> AVAILABLE DATA:
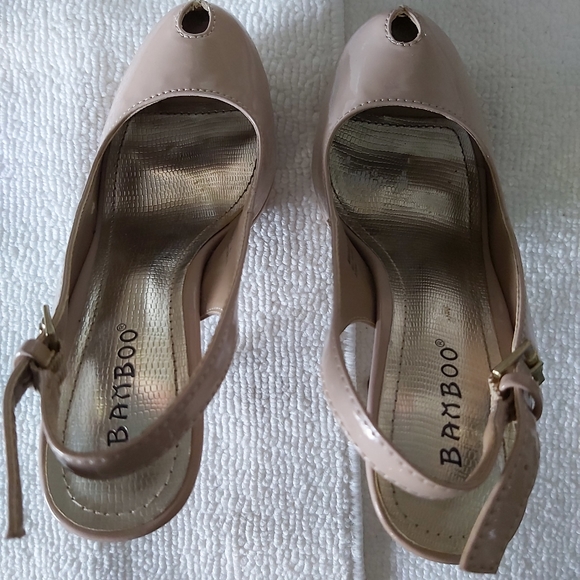 Bamboo platform stiletto heels nude   glossy pumps peep toe slingback - Picture 7 of 16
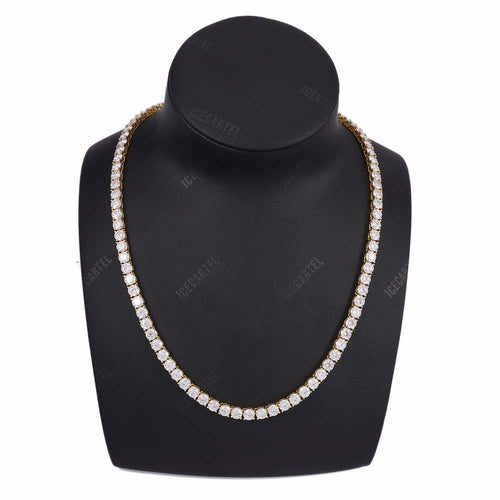 5MM Diamond Tennis Chain 14K Solid Rose Gold neck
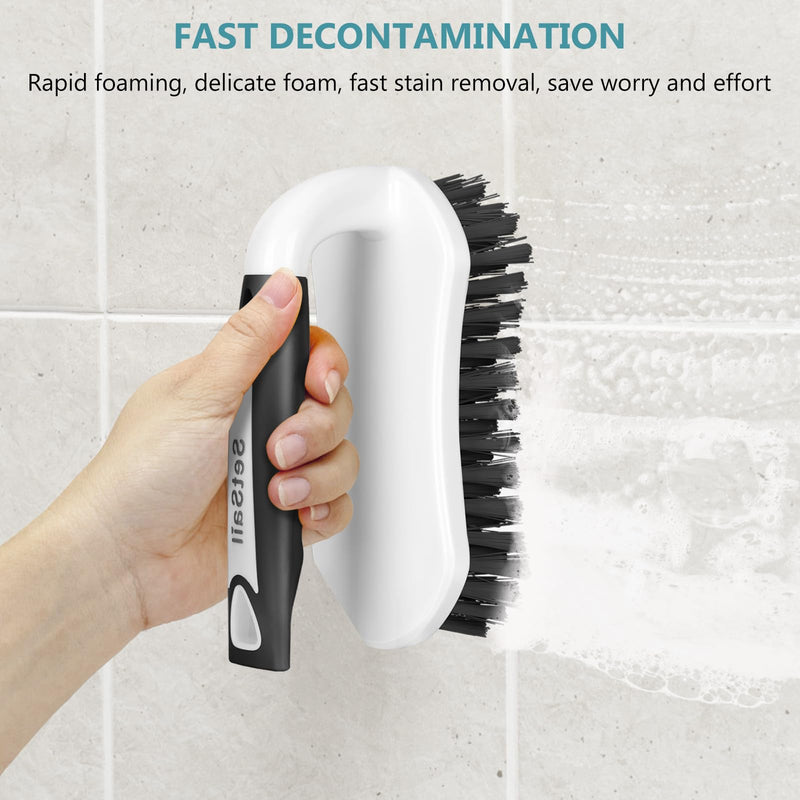 SetSail Scrub Brush, Heavy-Duty Scrub Brushes for Cleaning with Stiff Bristles Cleaning Brush for Shower, Bathroom, Carpet, Kitchen and Bathtub Scrubber - 2 Pack Black - BeesActive Australia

> EXERCISE DESCRIPTION:
Print out the material word for word, omitting the pictures.

> YOUR RESPONSE:
 Bamboo platform stiletto heels nude   glossy pumps peep toe slingback - Picture 7 of 16
 5MM Diamond Tennis Chain 14K Solid Rose Gold neck
 SetSail Scrub Brush, Heavy-Duty Scrub Brushes for Cleaning with Stiff Bristles Cleaning Brush for Shower, Bathroom, Carpet, Kitchen and Bathtub Scrubber - 2 Pack Black - BeesActive Australia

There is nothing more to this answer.